No layoffs
By Bob Quinn CENTRAL VALLEY The 2012-13 budget that Monroe-Woodbury Schools Superintendent Edward J. Mehrhof will recommend to the school board in two weeks wont contain any layoffs.
What this means is that the Monroe-Woodbury School District will once again present voters with a proposed spending plan that retains much of its staff and programs without the kind of cuts in programs and layoffs seen in some other school districts in Orange County and elsewhere in the Hudson Valley.
The current budget is about $150 million. Spending next year is expected to increase by less than one percent; the tax levy will be no more than two percent – whats required under Gov. Andrew Cuomos tax cap.
There may be fewer employees at the start of the 2012-13 school year in September as there is still time between now and the end of this school year for staff members to put in retirement papers. Also, several administrators are considering incentive packages to retire, but those decisions wont be known for several weeks.
From there to here School officials at Wednesdays school board meeting said as many as 84 positions were in jeopardy early in the budget process – 42 staff members whose positions were funded this school year through $1.5 million in federal jobs money, plus another 42 positions in the coming year. Included in the second group of full and part-time employees were several teachers, monitors and other staff throughout the district.
School officials said funding for all these jobs would be on a year-by-year basis.
It is terrifying to live year-by-year, School Board President Dr. Michael DiGeronimo said, but what is the alternative?

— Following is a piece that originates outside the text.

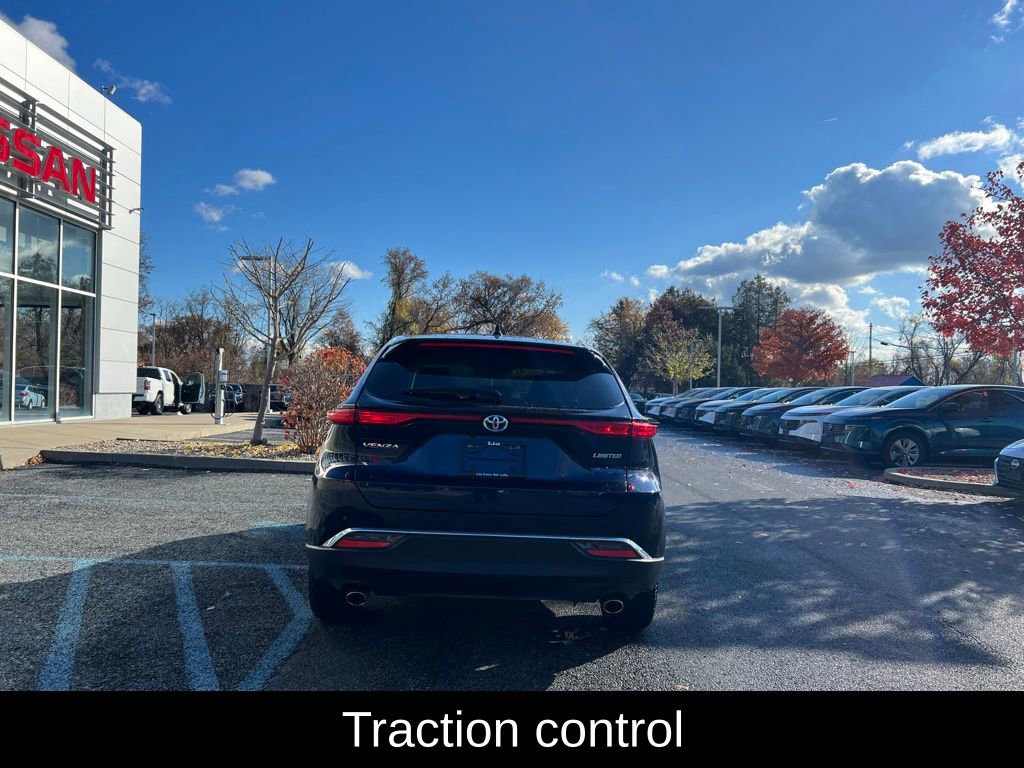 Used 2023 Toyota Venza Limited image 10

In his comments at the end of the meeting, Mehrhof described the prospect of laying off people as agonizing.... These are hard-working, decent people who would have lost their jobs through no fault of their own.
He also said he expects that as many as 600 jobs in education would be lost throughout Orange County this year, or as many as were lost a year ago.
This is not just a loss of a job, he said. It is a loss of a career.
Board Vice President Erich Tusch also noted that the loss of jobs would have translated into the loss of programs.
Snap shot Assistant Superintendent for Human Resources Brian C. Monahan provided a snap shot of where personnel costs for the coming school year stood:
Fringe benefits Fringe benefits which cover retirement costs, would increase to $36,818,000 next year. That would be a 4.27 percent or $1,489,584 over current costs.
Monahan noted that those figures are controlled by Albany. We are handed the bill, Monahan said, and we pay it.
District-wide salary costs District-wide salary costs in 2012-13 would increase to $80,457,046. The would be an increase of 2.25 percent, or $1,770,000.
Combined, personnel costs would increase by 2.86 percent, or $3,259,887, in the next school year.
How did they do it? So, if personal expenses are up by more than $3 million, how it is it that there are no layoffs? School officials cited a number of factors:
The upgrade in Moodys financial rating lowered the interest rates the district pays when it borrows money. This has saved millions, Assistant Superintendent for Business Jeffrey White said.
Restructuring of the districts debt. The debt totals about $100 million. When Moodys Investment Service upgraded the districts rating, that enabled White to refinance and save about $1.5 million last year. The district expects a further upgrade, and therefore further savings in the coming years.
School officials also credited Transportation Director Clifford Berchtold and his staff for finding efficiencies (read money) by restructuring bus routes.
The elimination of the MTA tax.
In his closing remarks, DiGeronimo noted that the district has cut $27 million from its spending in the last four years since the introduction of zero-based-budgeting. Thats an approach to spending that demands an annual examination of all costs and programs, rather than an incremental add-on to current spending.
The school board president also noted that the state has taken $27 million from the district is various forms of aid and unfunded mandates.
We have a prudent, financial plan, DiGeronimo said. We know where we are going.